In the field of high spatial resolution (HSR) remote sensing imagery classification, object-oriented classification and conditional random field (CRF) approaches are widely used due to their ability to incorporate the spatial contextual information. However, the selection of the optimal segmentation scale in object-oriented classification is not an easy task, and some pairwise CRF models always show an oversmooth performance. In this paper, a detail-preserving smoothing classifier based on conditional random fields (DPSCRF) for HSR imagery is proposed to apply the object-oriented strategy in the CRF classification framework, thus integrating the merits of both approaches to consider the spatial contextual information and preserve the detail information in the classification. The DPSCRF model defines suitable potential functions based on the CRF model for HSR image classification, which comprise the spatial smoothing and local class label cost terms. Both terms favor spatial smoothing in a local neighborhood to consider the spatial information.

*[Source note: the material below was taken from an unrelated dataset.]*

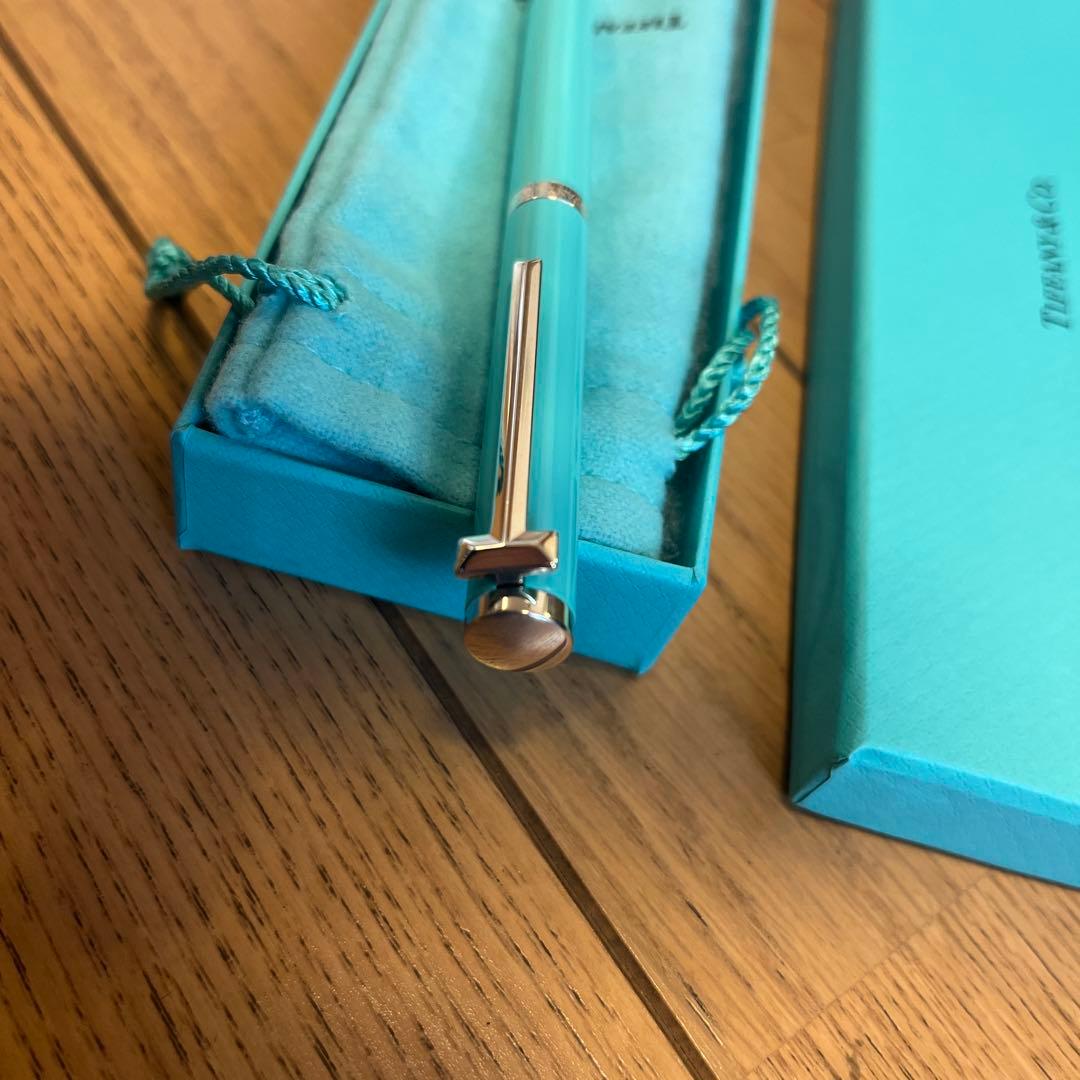 新品・未使用品　ティファニー　ボールペン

In addition, the local class label cost also considers the different label information of neighboring pixels at each iterative step in the classification to preserve the detail information. In order to deal with the spectral variability of HSR imagery, a segmentation prior is used by the object-oriented processing strategy. This models the probability of each pixel based on the segmentation regions obtained by the connected-component labeling algorithm. The experimental results with three HSR images demonstrate that the proposed classification algorithm shows a competitive performance in both the quantitative and the qualitative evaluation when compared to the other state-of-the-art classification algorithms.